Another team that ranked surprisingly high on here was San Diego. In that Monday Night loss to the Broncos, the Chargers averaged an 8.4-point lead before Denver’s crazy second half. Despite a 7-9 record, San Diego had a negative Game Script score in just five games in 2012.
But how I like to use Game Scripts is to judge a team’s identity as a passing or running team. For example, the Patriots ranked 20th in pass/run ratio but New England was first in Game Script score. As long as Tom Brady is around, the Patriots will be a passing team, but the raw stats present a misleading story. What we want to do is control for each team’s pass/run ratio based on their Game Script score. To do this, I measure how many standard deviations above average each team is in both game score and pass-run ratio. Over the last decade, the standard deviations was 4.80% for pass/run ratio and 3.45 points for Game Scripts. I then use these standard deviations to come up with ratings that are similar in meaning to PFR’s passing index numbers centered around 100. A score of 115 means a team is one standard deviation above average; a score of 85 means a team is one standard deviation below, 70 means two standard deviations below, etc.
How do we calculate them?
- For game scripts, the average is always zero. So for each team, the formula to calculate their Game Script Index is: 100 + 15 * (Game Script Average / 3.45).
- For pass/run ratio, we use a similar formula, except the average is not zero. So the Pass Index is calculated as follows: 100 + 15 * ( (Pass Ratio – 57.6%)/(4.80%)).
Let’s re-look at the 2012 standings, but this time, I’m going to include each team’s pass/run ratio, their Game Script Index and Pass Ratio Index numbers (based on standard deviations above average), and sort the table by a column I’m calling Pass Identity.

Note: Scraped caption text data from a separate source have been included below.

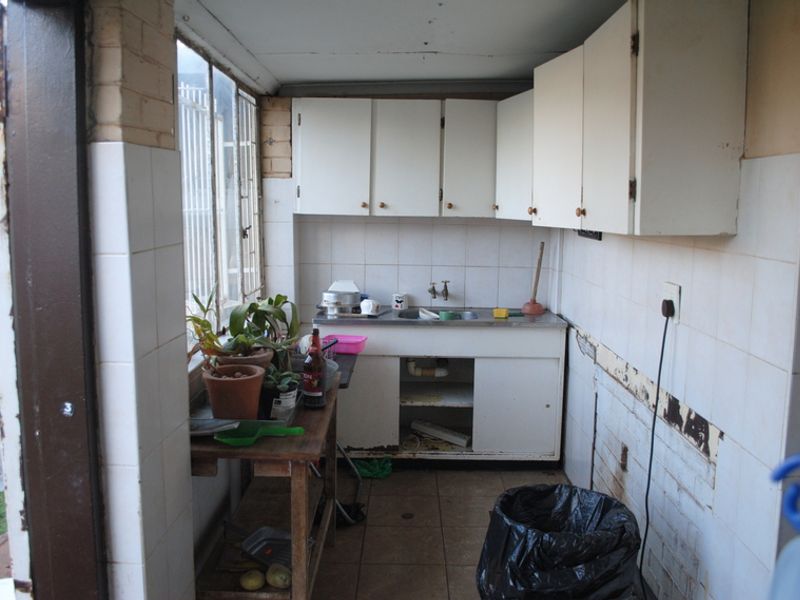 A functional scullery or utility area featuring built-in cabinetry, a stainless steel sink, and tiled finishes, currently requiring renovation and repair.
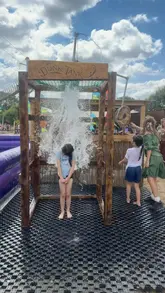 A montage of children enjoying various outdoor activities at Hobbledown Heath, including an inflatable obstacle course, a foam pit, and large climbing structures. The video captures the energetic and playful atmosphere of the venue, focusing on the experience for families.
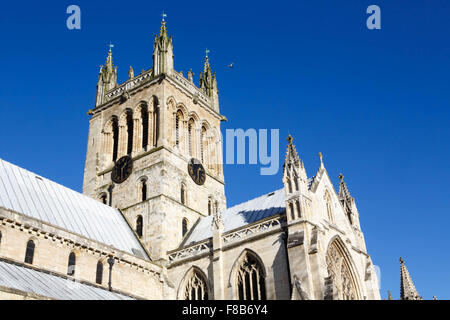 The south side of  Selby Abbey showing the tower against a clear blue sky background Stock Photo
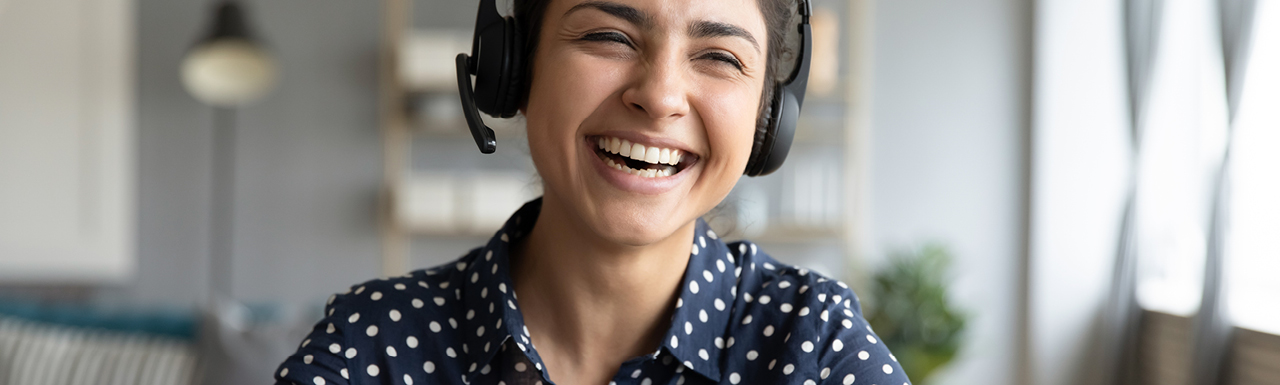 A woman on a work call and laughing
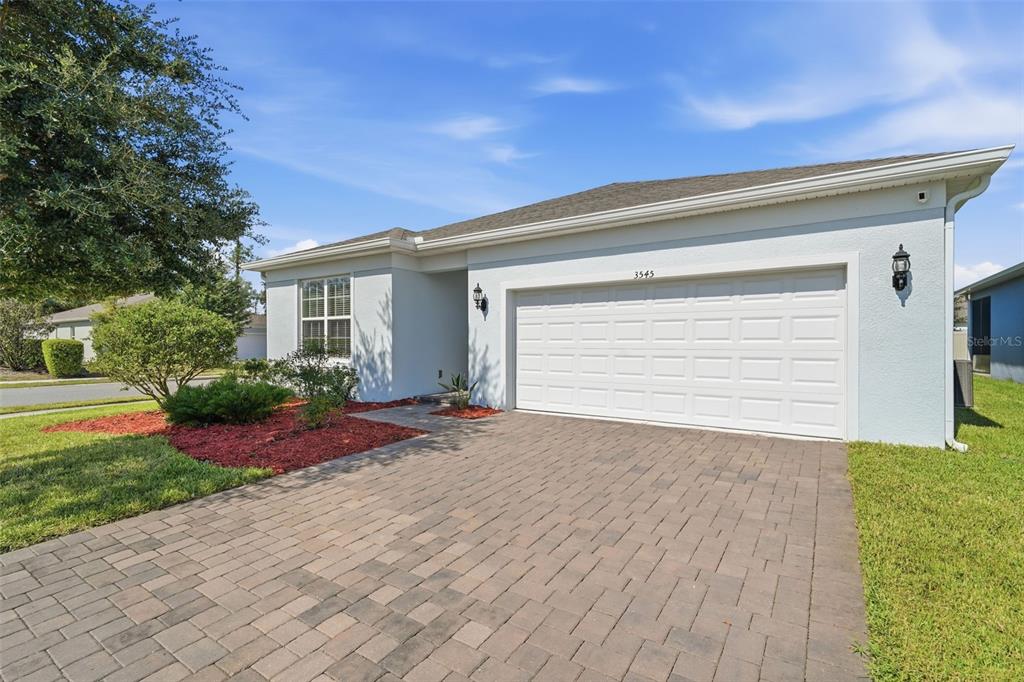 A single-story house with a white stucco exterior, a two-car garage, and a paver driveway — 3545 TREETOP STREET, DELAND, FL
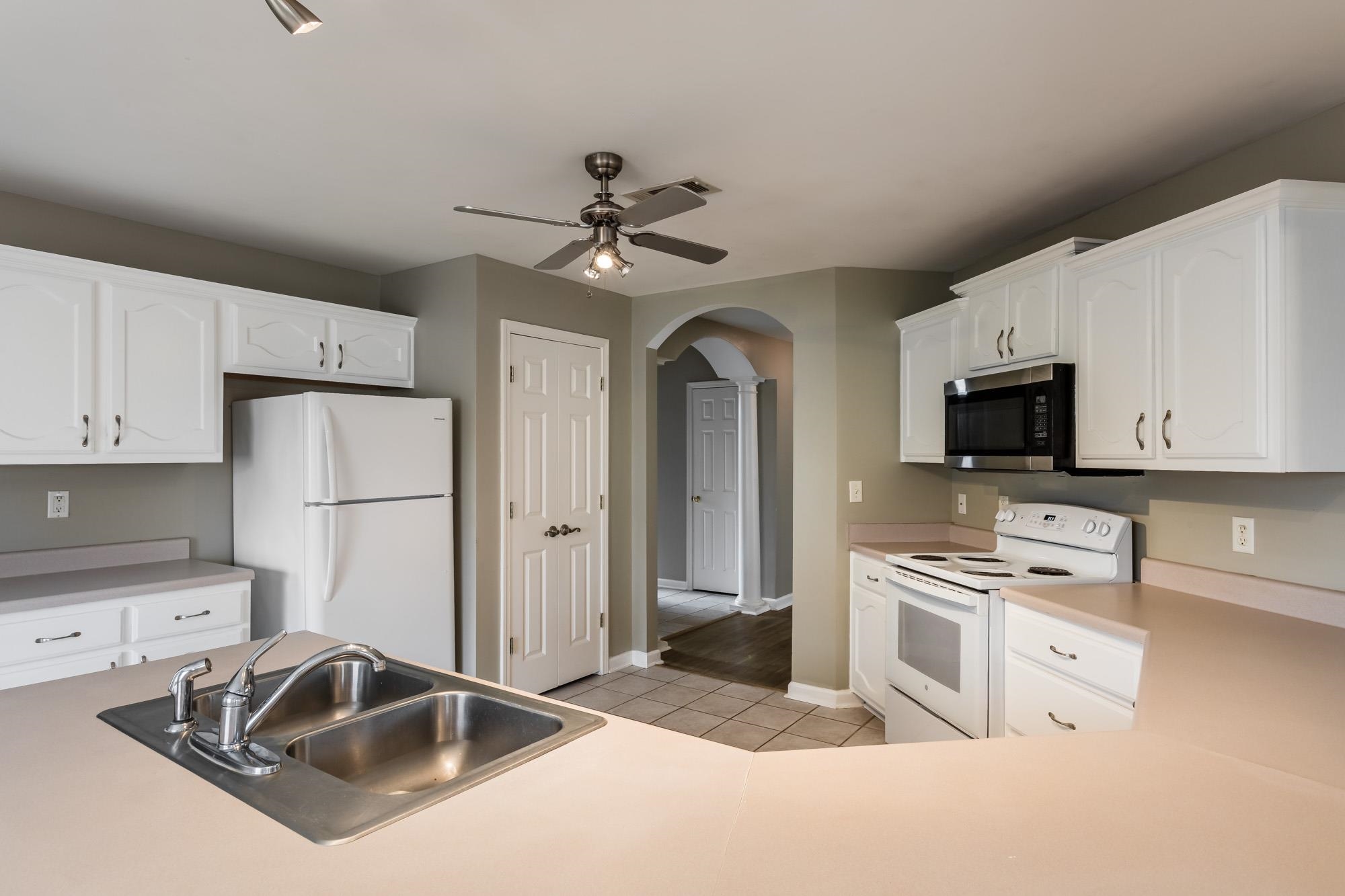 Kitchen with white cabinets, double-basin sink, and an arched doorway to the hall.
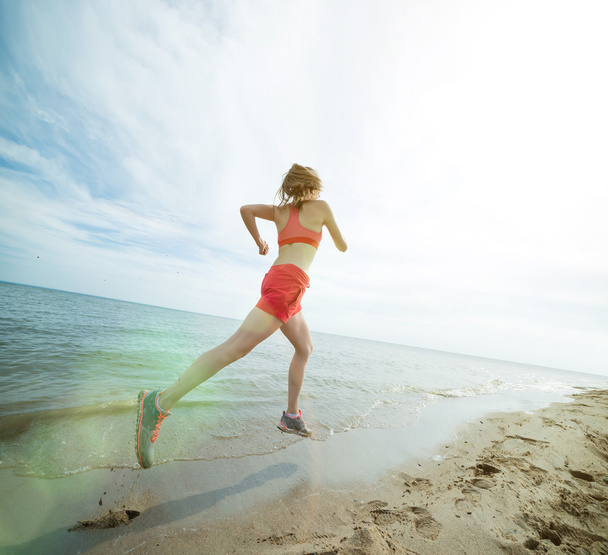 Lady running at the  beach - Фото, изображение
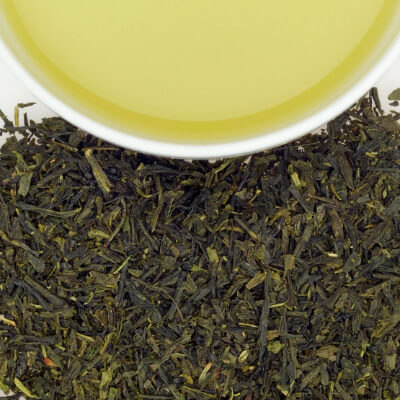 Close-up of loose green herbal tea leaves with a cup of brewed yellow-green tea above.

To calculate each team’s Pass Identity, I simply add their Game Script Index and Pass Ratio Index and subtract 200 points. The Falcons come in as the most pass-happy team of 2012, once you account for situation. Atlanta was a 13-win team last year, so ranking 8th in pass attempts and 26th in rush attempts despite that record requires a significant devotion to the passing game. Of course with Matt Ryan, Julio Jones, Roddy White, and Tony Gonzalez, that makes perfect sense.

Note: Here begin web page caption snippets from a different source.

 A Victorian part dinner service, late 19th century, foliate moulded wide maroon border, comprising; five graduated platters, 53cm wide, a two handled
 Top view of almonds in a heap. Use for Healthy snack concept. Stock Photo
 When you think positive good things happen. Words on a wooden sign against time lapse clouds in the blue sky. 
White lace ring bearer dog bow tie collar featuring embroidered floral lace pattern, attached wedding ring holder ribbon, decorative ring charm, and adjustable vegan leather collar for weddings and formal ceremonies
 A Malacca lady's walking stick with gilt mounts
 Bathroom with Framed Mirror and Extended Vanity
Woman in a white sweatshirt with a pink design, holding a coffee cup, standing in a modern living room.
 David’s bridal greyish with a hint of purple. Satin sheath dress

The Patriots jump from 20th in Pass/Run Ratio to 2nd in passing identity, as their heavy run totals are now properly placed in context. The Broncos and Peyton Manning experience a similar jump. Denver was 21st in pass/run ratio but 3rd in Game Scripts.
The craziest stat belongs to the Kansas City Chiefs, who despite finishing with the worst record and Game Script score in the league finished with the fourth highest run/pass ratio in 2012. The Chiefs also finished with the second-lowest Pass Identity last year (at -33) behind only the Tim Tebow Broncos. But with Andy Reid and Alex Smith in town in 2013, I think we can expect Kansas City to come closer to league average in 2013. You can’t fault the Chiefs for preferring to put their fate in the hands of Jamaal Charles instead of Matt Cassel, but Andy Reid’s teams have generally had strong Pass Identities.
You probably aren’t too surprised to see the “Ground and Pound” Jets with the second heaviest Rushing Identity. Part of the reason behind the hiring of Tony Sparano was to become more of a running team. Despite a 6-10 record, the Jets finished 6th in rush attempts and 25th in pass attempts in 2012.
The three teams that finished with more runs than passes were all playoff teams in the NFC that relied heavily on the Pistol or the read-option offense: Seattle, Washington, and San Francisco. All three teams look a little less run-heavy once you account for situation (especially the Seahawks). While Russell Wilson, Robert Griffin III, and Colin Kaepernick were excellent running threats, it would be silly to label them as pure running quarterbacks. Wilson and Griffin ranked in the top four in yards per attempt, and Kaepernick was just six pass attempts shy of qualifying for — and winning — the yards per attempt crown.